Forbes Johnston

Personal information
- Full name: Forbes Johnston
- Date of birth: 3 August 1971
- Place of birth: Aberdeen, Scotland
- Date of death: 12 July 2007 (aged 35)
- Place of death: Adelaide, Australia
- Positions: Defender; midfielder;

Youth career
- 0000–1990: Musselburgh Athletic

Senior career*
- Years: Team / Apps / (Gls)
- 1990–1996: Falkirk / 58 / (2)
- 1996–2000: Airdrieonians / 99 / (3)

International career
- 1993: Scotland U21 / 1 / (0)

= Forbes Johnston =

Scottish footballer

Forbes Johnston (3 August 1971 – 12 July 2007) was a Scottish professional footballer playing primarily in defence, but also spending some time in the midfield.

== Life ==
He started his career playing for junior side Musselburgh Athletic, and joined the professional ranks at Falkirk where he played from 1990 to 1996. He later joined Airdrieonians, where he played from 1996 to 2000. Forbes also represented his country in the Scotland under-21 team.
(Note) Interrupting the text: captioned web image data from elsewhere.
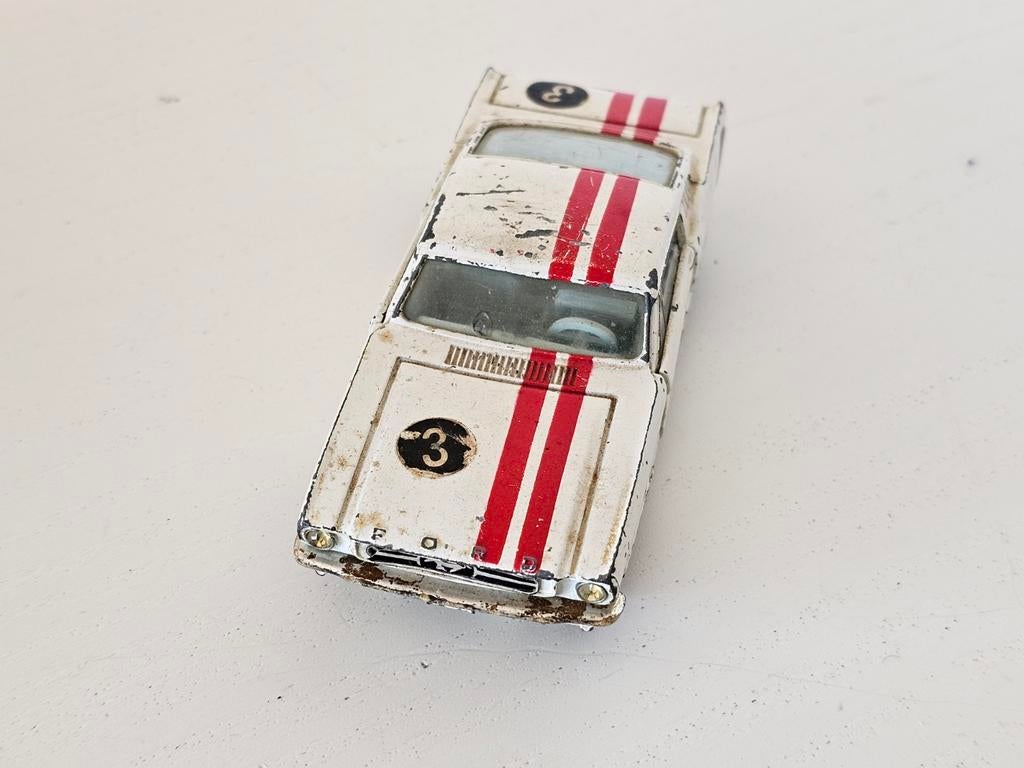 Corgi Ford Mustang 2+2 Fastback Speelgoedauto, Ophalen of Verzenden, Corgi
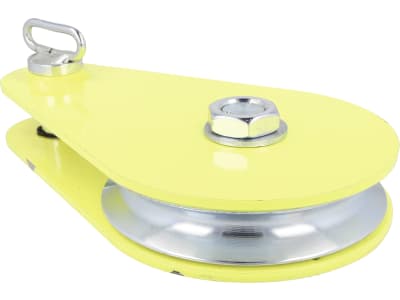 Umlenkrolle "SRL-F" Nutz-/Zuglast 5 t/2,5 t, Ø Seil max. 14 mm Umlenkrolle "SRL-F" Nutz-/Zuglast 5 t/2,5 t, Ø Seil max. 14 mm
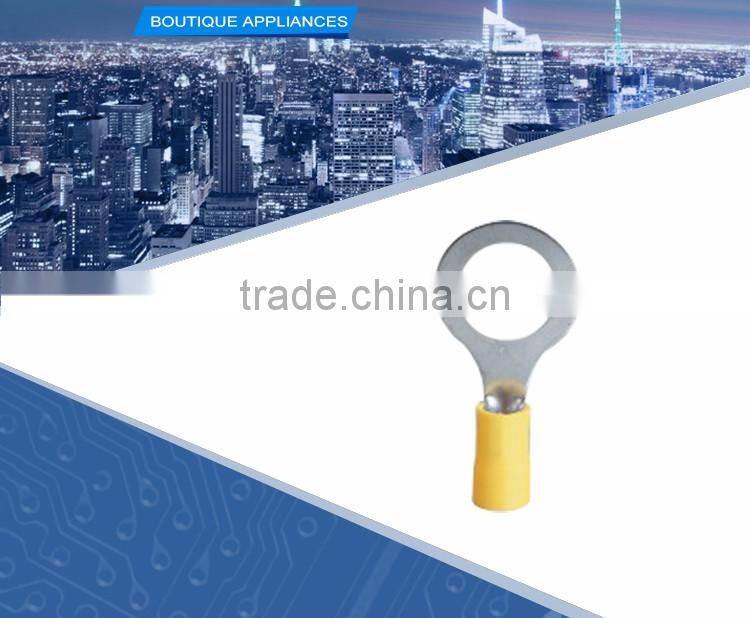 Rich colors insulated ring terminal lugs ring type for sale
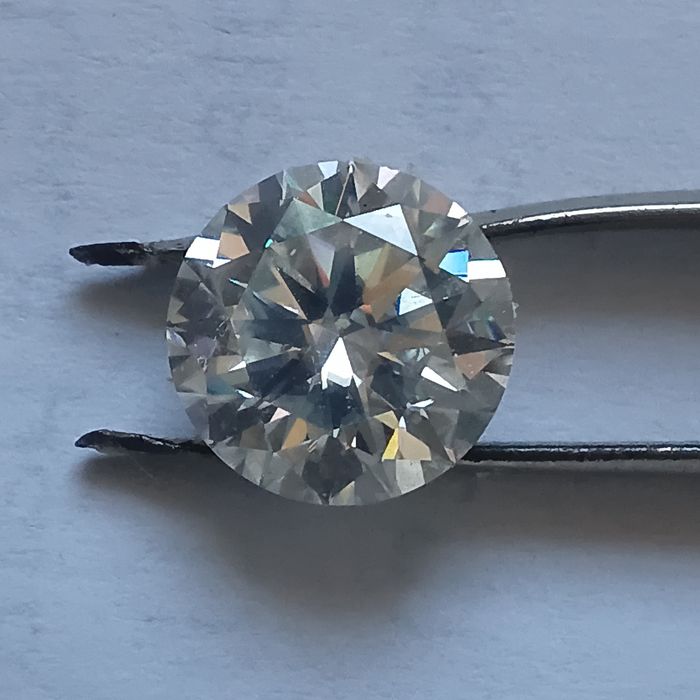 Diamante CVD 8.5mm   Pura Perfeição! Certificado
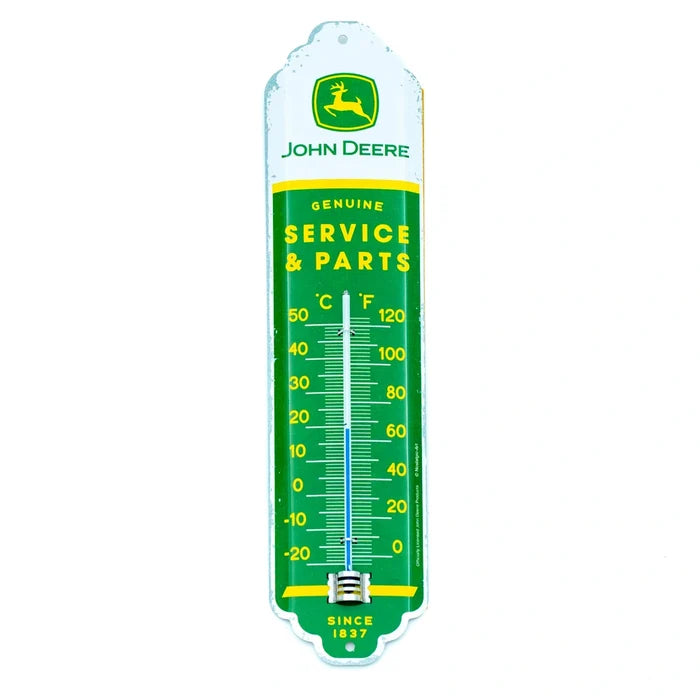 Thermometer John Deere service & parts | Nostalgic-Art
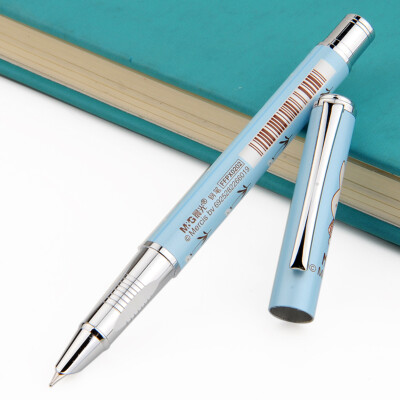 晨光可爱米菲卡通钢笔小包尖抽水矫正姿全金属学生钢笔x0202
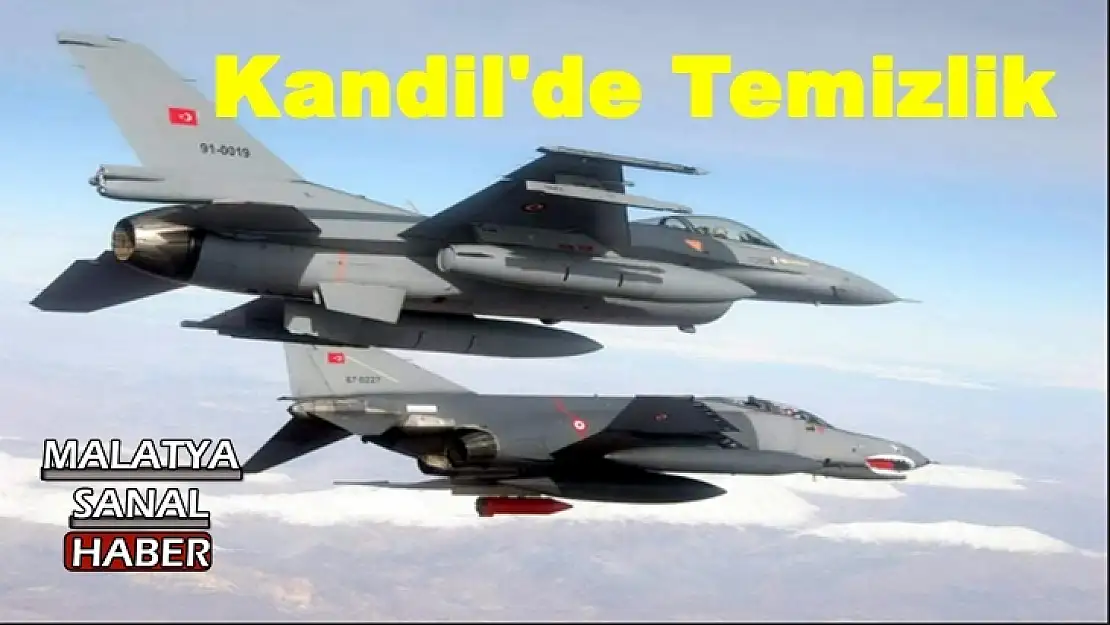 Kandil'de Temizlik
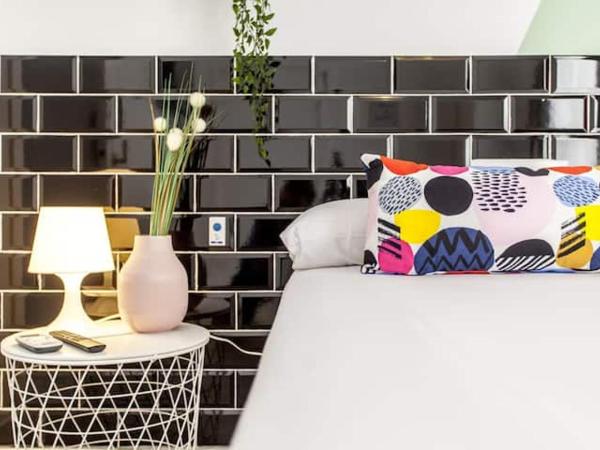 COOL LOFTS center valencia : photo 3 de la chambre chambre double avec salle de bains privative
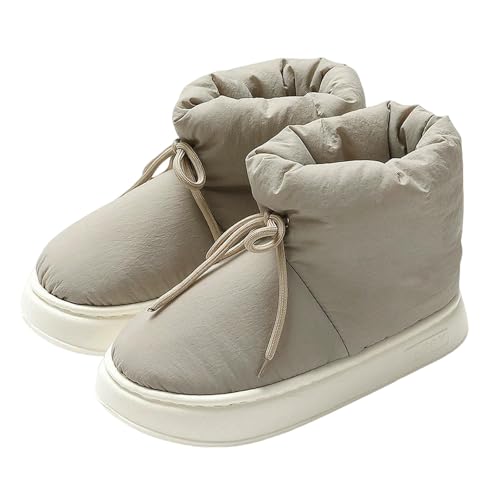 CHENSHI hausschuhe damen Frauen Warme Baumwollschuhe Out-grau-38-39 CHENSHI hausschuhe damen Frauen Warme Baumwollschuhe Out-grau-38-39 von CHENSHI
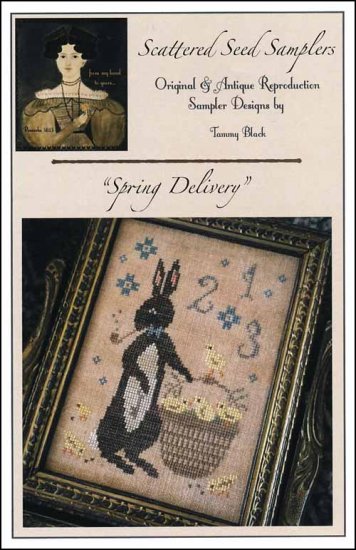 Spring Delivery by Scattered Seed Samplers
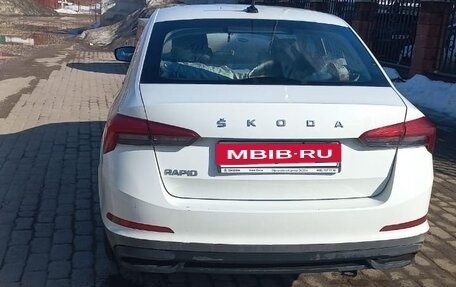 Skoda Rapid II, 2021 год, 875 000 рублей, 2 фотография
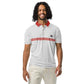 McEnroe Supermac Grey Red Polo Shirt - Game Yarns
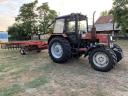 MTZ 820.2 traktor eladó, piros rendszám, 2006, kitűnő állapotban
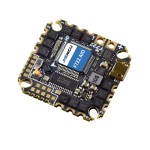 Original JHEMCU GHF722AIO-HD 40A AIO Flight Controller for RC Drone 40A 4in1 ESC 2-6S Baro OSD BlackBox Plastic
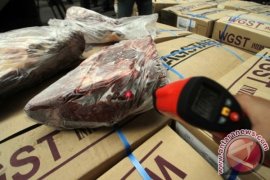 Daging Kerbau Impor Mulai Dijual di Banyumas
While playing football, Johnston studied for a law degree from the University of Edinburgh. When he was 28 he joined accountancy firm PricewaterhouseCoopers in Edinburgh after a knee injury ended his football career. He later moved to Sydney and then Adelaide, Australia. Johnston was found dead in his car on 12 July 2007, aged 35. According to the Adelaide police, he had died by suicide.